1. the sum of squares (SS), df, and Mean Square (MS); the table has multiple choice answers in bold.

2. The question: In some ANOVA summary tables you will see, the labels in the first (source) column are Treatment, Error, and Total. Which of the following reasons best explains why the within-treatments variance is sometimes referred to as the "error variance"?

3. Bottom part (it also has multiple choice answers in bold.

ANOVA calculations and rejection of the null hypothesis

The following table summarizes the results of a study on SAT prep courses, comparing SAT scores of students in a private preparation class, a high school preparation class, and no preparation class. Use the information from the table to answer the remaining questions.

Treatment	Number of Observations	Sample Mean	Sum of Squares (SS)
Private prep class	60	650	132,750.00
High school prep class	60	645	147,500.00
No prep class	60	625	162,250.00

Using the data provided, complete the partial ANOVA summary table that follows. (Hint: T, the treatment total, can be calculated as the sample mean times the number of observations. G, the grand total, can be calculated from the values of T once you have calculated them.)

Source	Sum of Squares (SS)	df	Mean Square (MS)
Between treatments	22,500.00; 21, 000.00; 31,500.00; or 367,500.00	2, 3, 59, or 177	8,750.00; 10,500.00; or 7,000.00
Within treatments	367,500.00; 442,500.00; 292,500.00; or 453,375.00	177, 59, 2, or 3	367,500.00; 2,500.00; or 442,500.00

In some ANOVA summary tables you will see, the labels in the first (source) column are Treatment, Error, and Total. Which of the following reasons best explains why the within-treatments variance is sometimes referred to as the "error variance"?

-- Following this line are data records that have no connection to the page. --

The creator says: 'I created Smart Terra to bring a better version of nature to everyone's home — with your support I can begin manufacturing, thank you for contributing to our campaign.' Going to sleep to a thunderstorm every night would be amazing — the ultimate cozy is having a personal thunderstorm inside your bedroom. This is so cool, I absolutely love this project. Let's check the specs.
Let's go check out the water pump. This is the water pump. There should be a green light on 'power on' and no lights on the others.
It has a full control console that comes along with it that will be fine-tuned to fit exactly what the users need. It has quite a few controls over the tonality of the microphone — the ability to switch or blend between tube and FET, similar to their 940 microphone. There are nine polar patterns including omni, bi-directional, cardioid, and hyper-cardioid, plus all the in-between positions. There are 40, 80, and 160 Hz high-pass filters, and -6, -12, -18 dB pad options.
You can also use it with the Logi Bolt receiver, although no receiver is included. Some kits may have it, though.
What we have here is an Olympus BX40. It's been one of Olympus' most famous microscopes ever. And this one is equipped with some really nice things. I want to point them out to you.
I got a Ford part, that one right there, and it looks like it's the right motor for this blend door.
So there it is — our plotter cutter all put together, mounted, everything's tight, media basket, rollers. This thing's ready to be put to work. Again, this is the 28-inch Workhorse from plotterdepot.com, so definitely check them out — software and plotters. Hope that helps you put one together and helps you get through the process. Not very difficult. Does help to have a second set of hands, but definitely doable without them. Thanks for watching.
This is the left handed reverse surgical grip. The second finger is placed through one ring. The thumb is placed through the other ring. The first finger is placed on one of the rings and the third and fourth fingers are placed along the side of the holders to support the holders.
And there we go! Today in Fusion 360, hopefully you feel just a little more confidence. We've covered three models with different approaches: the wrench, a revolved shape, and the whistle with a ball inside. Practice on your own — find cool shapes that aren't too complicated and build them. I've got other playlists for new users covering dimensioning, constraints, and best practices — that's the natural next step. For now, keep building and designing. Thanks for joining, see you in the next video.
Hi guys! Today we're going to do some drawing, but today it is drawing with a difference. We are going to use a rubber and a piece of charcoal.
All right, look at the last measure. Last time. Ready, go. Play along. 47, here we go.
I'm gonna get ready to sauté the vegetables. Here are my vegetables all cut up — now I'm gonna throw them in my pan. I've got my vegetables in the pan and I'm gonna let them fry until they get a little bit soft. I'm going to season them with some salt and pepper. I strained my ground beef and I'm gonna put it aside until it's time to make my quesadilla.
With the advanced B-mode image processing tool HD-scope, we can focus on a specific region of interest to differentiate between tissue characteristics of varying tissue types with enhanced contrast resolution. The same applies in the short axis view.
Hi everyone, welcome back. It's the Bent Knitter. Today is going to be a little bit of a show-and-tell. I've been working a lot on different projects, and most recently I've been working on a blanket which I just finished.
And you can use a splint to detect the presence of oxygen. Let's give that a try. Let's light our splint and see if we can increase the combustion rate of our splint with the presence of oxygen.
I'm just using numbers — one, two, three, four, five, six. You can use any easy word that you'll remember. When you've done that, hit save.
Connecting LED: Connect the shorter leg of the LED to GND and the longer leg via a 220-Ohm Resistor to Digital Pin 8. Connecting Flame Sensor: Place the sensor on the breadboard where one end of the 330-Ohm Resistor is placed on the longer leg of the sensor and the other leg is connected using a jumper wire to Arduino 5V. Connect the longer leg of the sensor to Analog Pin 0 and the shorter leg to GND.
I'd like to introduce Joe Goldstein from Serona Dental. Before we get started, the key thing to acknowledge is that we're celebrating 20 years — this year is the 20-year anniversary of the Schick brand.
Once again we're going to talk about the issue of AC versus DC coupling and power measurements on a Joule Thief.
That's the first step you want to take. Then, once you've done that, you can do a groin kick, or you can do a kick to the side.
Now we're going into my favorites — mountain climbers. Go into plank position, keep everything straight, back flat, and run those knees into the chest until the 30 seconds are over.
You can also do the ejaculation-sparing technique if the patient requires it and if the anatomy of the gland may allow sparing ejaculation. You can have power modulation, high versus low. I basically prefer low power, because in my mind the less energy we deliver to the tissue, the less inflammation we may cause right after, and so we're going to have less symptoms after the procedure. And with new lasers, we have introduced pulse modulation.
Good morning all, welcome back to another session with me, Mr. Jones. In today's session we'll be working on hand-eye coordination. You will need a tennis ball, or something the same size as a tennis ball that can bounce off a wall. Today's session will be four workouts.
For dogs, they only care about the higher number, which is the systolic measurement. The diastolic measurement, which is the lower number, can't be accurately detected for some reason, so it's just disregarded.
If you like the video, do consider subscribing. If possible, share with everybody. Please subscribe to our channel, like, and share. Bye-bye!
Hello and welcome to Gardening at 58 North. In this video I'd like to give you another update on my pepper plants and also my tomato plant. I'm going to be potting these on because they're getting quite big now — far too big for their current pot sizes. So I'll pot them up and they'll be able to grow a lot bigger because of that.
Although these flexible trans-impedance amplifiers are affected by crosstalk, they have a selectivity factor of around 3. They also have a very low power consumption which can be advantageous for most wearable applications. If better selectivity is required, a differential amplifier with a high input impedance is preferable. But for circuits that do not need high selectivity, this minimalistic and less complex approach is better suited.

A. The within-treatments variance measures random, unsystematic differences within each of the samples assigned to each of the treatments. These differences are notdue to treatment effects because everyone within each sample received the same treatment; therefore, the differences are sometimes referred to as "error."

B. Differences among members of the sample who received the same treatment occur when the researcher makes an error, and thus these differences are sometimes referred to as "error."

C. Differences among members of the sample who received the same treatment occur because some treatments are more effective than others, so it would be an error to receive the less superior treatments.

D. The within-treatments variance measures treatment effects as well as random, unsystematic differences within each of the samples assigned to each of the treatments. These differences represent all of the variations that could occur in a study; therefore, they are sometimes referred to as "error."

In ANOVA, the F test statistic is the (product, difference, sum, ratio) of the between-treatments variance and the within-treatments variance. The value of the F test statistic is (4.20, 0.24, 0.26, 1.05)

When the null hypothesis is true, the F test statistic is (close to 1, close to 0, large). When the null hypothesis is false, the F test statistic is most likely (large, close to 1, close to 0). In general, you should reject the null hypothesis for (values of the F test statistic close to 1, values of the F test statistic close to 0, large values of the F test statistic).